Halliday Hill House
Picture taken by Phil Rowbotham of Stockport, England
Halliday Hill House is considered the Ancestral Home of the Dodge Family. It dates back to the 1300s and is mentioned in the Dodges of Essex County, 1629-1898, by Joseph Thompson Dodge.
The house stands on a hill in Offerton, Stockport, England and belongs to the city. It is rented to a young couple who appreciate the heritage of the house and keep it in tip-top shape.
The main part of the house has stonework foundations and mullioned windows. Between the first and second floor, is a buttress which is covered by a material which protects the timber underneath.
Flanges on the chimney denote an early thatched roof.
Inside the house, are two 'crinoline' doors of solid oak which are wider at the bottom than at the top in order to facilitate easy access for the ladies in their crinolines.
The interior of the house is completely timber-framed, dowel pinned, with wattle and daub infill.
The dining room ceiling has been exposed to show the hand carved willow laths pinned by hand made nails.
The roof beams are of hand-hewn oak supporting flags (the slate roof). Re-felting has been necessary and some flag supports have been replaced. The floor of the loft has also been raised with modern timber some 18 inches higher than original ceilings.
In the loft, there is an aperture into a small, floored room about 5 feet long by the width of the house. Some ancient metal fittings indicate a door having been across the aperture at some time.

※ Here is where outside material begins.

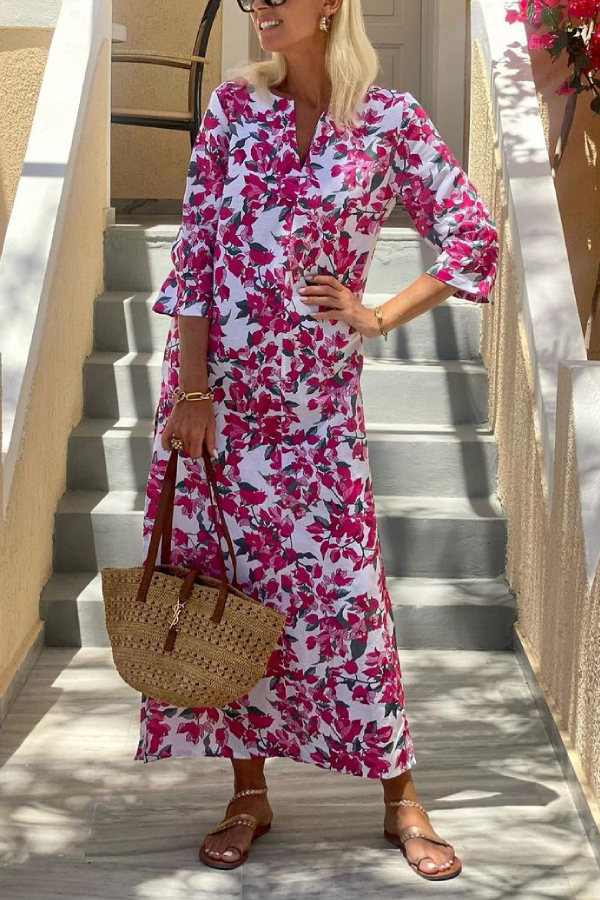 CM | Vestido largo con escote en V y mangas cortas florales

Hand made laths of willow remain from days of thatching.
The interior wall reveals a 12" oak support in the tradition 'cruck' form, with two dowel pins holding the final link support to the main beam.

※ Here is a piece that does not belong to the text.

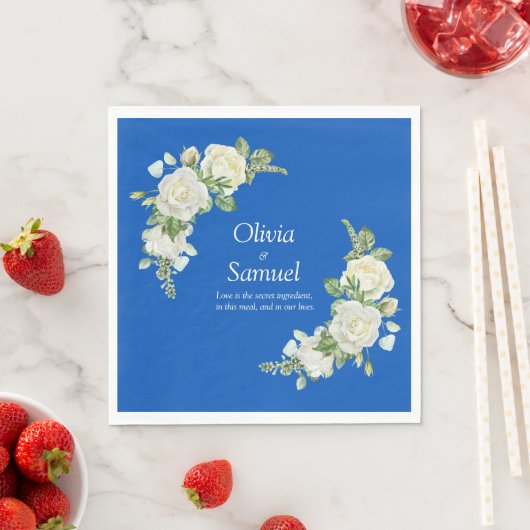 Cobalt Blue & White Roses Luncheon Serviette (Beispiel)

This small room has a window aperture facing the roadway. This aperture has, at some time, been filled in with stone. It is not obvious from the exterior of the building.

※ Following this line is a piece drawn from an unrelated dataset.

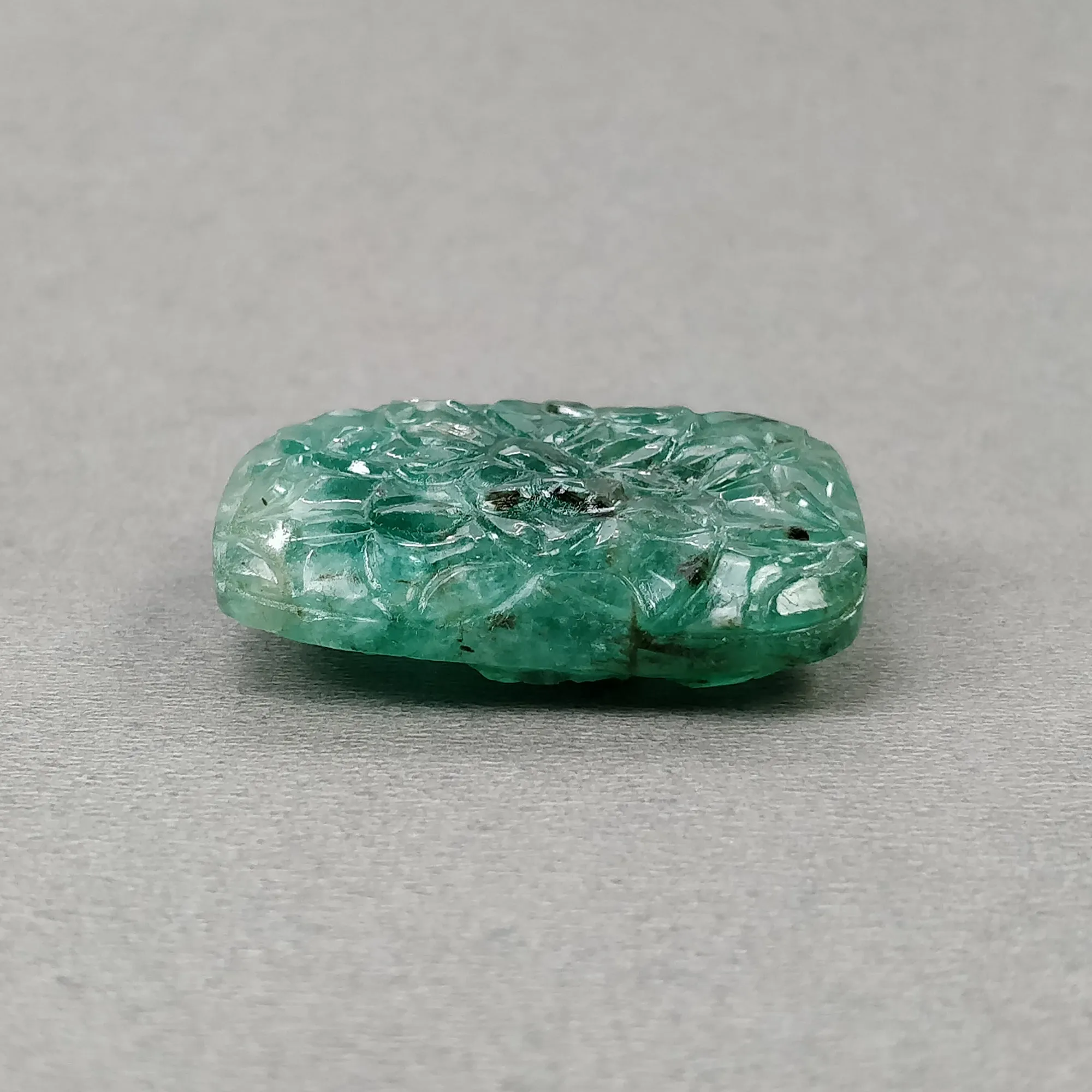 EMERALD Gemstone Carving : 97.80cts Natural Untreated Unheated Green Emerald Both Side Hand Carved Cushion Shape 37.5*30mm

An area of exposed wall beneath the staircase of the house, reveals the original hazel branches (or wattles) then covered with plaster of lime, sand, and cow hair.
In spite of the fact that the house stands on a hill, the well under the stairs is always full of crystal-clear water.
Pebble work on the left of the well suggests that this area was outside the house at some time and was later incorporated into the building.
There is a tack room and other outbuildings on the property that date a later time period.
The house may be viewed both inside and outside, with a descriptive tour given by Ray Preston of Stockport, England, by anyone who participates in one of the Dodge Tours to England. Ray is a very well versed local historian and is in demand as a speaker on the history of Stockport and Offerton.